World's Strongest Skateboard

Steve Marcus

Ross Graham, left, and Clinton Anderson pose as a car rests on one of their skateboards at the Colonial Brand skateboard company manufacturing facility in Las Vegas Thursday, Jan. 26, 2012. The start-up company is planning to market their hand-made skateboards as the world’s strongest.

World's Strongest Skateboard

Ross Graham, left, and Clinton Anderson pose as a car rests on one of their skateboards at the Colonial Brand skateboard company manufacturing facility in Las Vegas Thursday, Jan. 26, 2012. The start-up company is planning to market their hand-made skateboards as the world's strongest. Launch slideshow »

In the lot of a nearly empty office park in the southwest valley, a blue sedan sits parked with one of its tires on top of a skateboard. The skateboard's deck has been severely bowed by the weight of the vehicle but has not broken.

When the car is moved after about 20 minutes, the deck snaps back to look the same as it did before undergoing the impromptu pressure test.
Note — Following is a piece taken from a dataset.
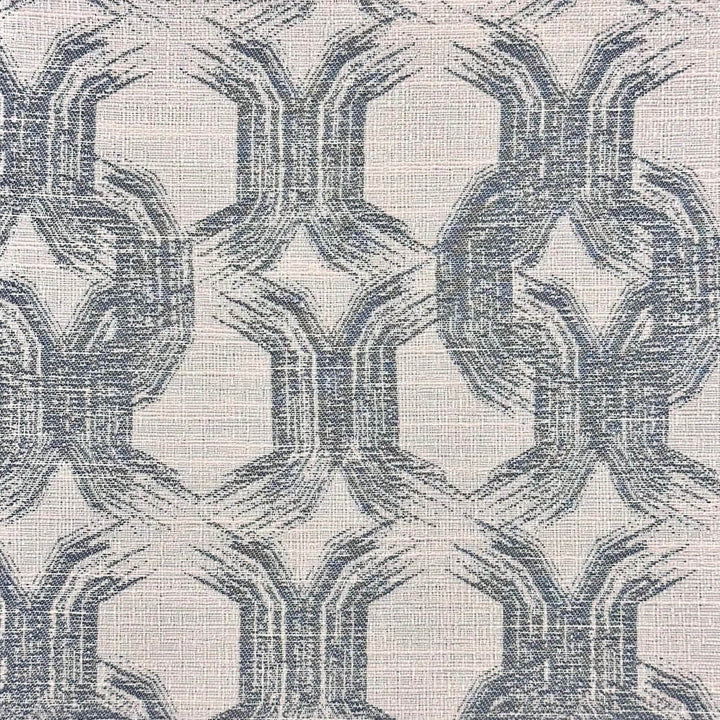 Dravelle Cotton Blend Fabric | 10 Colors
"You just can't do that with many skateboards," says the car's owner, Clinton Anderson.

Anderson, 32, is one of three partners in a new, Las Vegas-based venture that has created what it calls "the world's strongest skateboard" — one with a deck made of wood strengthened with layers of carbon fiber.

Anderson and his partners say they have perfected their design and are now speeding up manufacturing as they prepare to begin selling their products — marketed as Colonial Brand Skateboards — in the next few months.
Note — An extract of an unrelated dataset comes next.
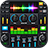 icon Bass Booster 2.0.3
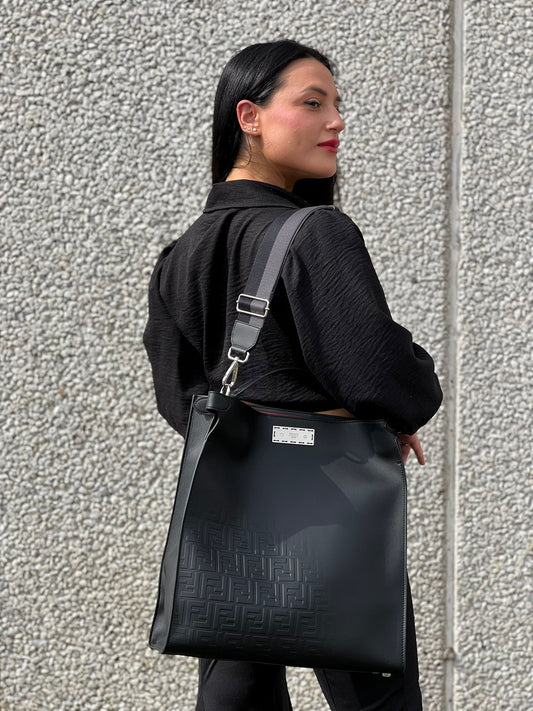 Fendi Peekaboo X-Lite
The idea for the new board was born out of necessity, said partner Ross Graham. While technologies in other sports like skiing, snowboarding and bicycling have all advanced over the past decades, a skateboard you buy today is much the same as one you would have bought in the 1980s, Graham, 35, said.

As more and more skateboards are manufactured at plants outside the United States, Graham and Anderson said the build quality has suffered.
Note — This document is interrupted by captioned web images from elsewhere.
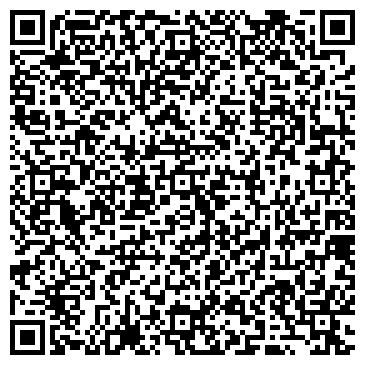 QR-код с контактной информацией организации Новинка, ООО, кондитерская фирма, Офис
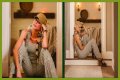 Galey Alix Illness And Mental Health: Why Does She Always Wear Hat?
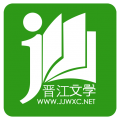 91.CAPPAPP应用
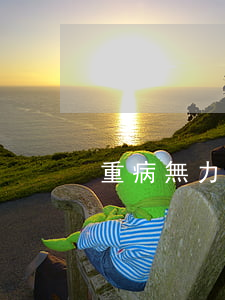 重病無力償還信用卡（重病信用卡償還不起）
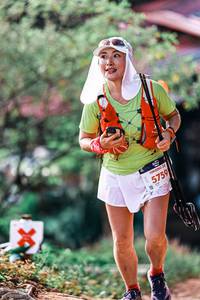 BIB: 
                            <button type="button" onclick="openModal(25440968)" class="btn btn-primary btn-sm float-right btn-popup" data-toggle="modal" data-target=".modal-high-quality">
                        <i class="fas fa-shopping-cart"></i> Add to Cart
                    </button>
                                            <button type="button" onclick="isThisMe(25440968, true)" class="btn btn-success btn-sm float-right btn-popup btn-isme hidden" data-toggle="tooltip" data-placement="bottom" title="นี่คือรูปของคุณใช่ไหม คลิกที่นี่เพื่อเอาเข้าอัลบั้ม">
                        <i class="fas fa-plus"></i> Add to album
                    </button>
                    <button type="button" onclick="isThisMe(25440968, false)" class="btn btn-warning btn-sm float-right btn-popup btn-isnotme hidden">
                        <i class="fas fa-ban"></i> Remove from album
                    </button>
"They just don't make them like they used to," Graham said. "There are only five skateboard brands that still manufacture in the United States."

Graham and Anderson, childhood friends who grew up skateboarding around Las Vegas, decided to try to fill the perceived gap in the market with a high-quality, American-made product, and in April formed Colonial Brand Skateboards with their third partner, Jim Wursthorn.

Around the company's warehouse near Jones Boulevard and Blue Diamond Road, buckets of glue, discarded wood and skateboards in various stages of construction illustrate the trial-and-error method that led Anderson and Graham to their final design.

"We have broken more boards than you can imagine," Anderson said. "We've tried about every imaginable way to break them."

Each Colonial skateboard is handmade with high-quality maple wood that is layered in several thin strips that are then glued and pressed together. After a week spent drying, the boards are formed into shape using bandsaws and sanders.

The secret to the board's durability is a carbon fiber fabric, which is strategically layered into the wood to provide extra strength down the board's axis and near its trucks.

The finished product is branded with Colonial's logo and comes in a variety of colors.

Graham, who fabricates most of the company's skateboards, said the goal was to provide the strongest, most durable product possible while still keeping the board lightweight and cost competitive with other brands.

"I'm trying to make these not as toys, but as equipment you can use," he said. "Our goal is to make it as close to an everyday skateboard as possible, but to reinforce the areas that are prone to breakage."

The skateboard deck, without wheels or grip tape, will retail for between $65 and $85, depending on the model, Anderson said. Colonial plans to sell the boards through its website, www.colonialbrand.com, which is set to launch within the next few weeks, and by partnering with independent skate shops around the country.

The company already has its sights set on expanding, with plans to begin hiring new employees. Anderson said the company also plans to reach out and get involved more with the Las Vegas skate community.

"The sky's the limit on this," Anderson said. "You won't see a skateboard like this anywhere else."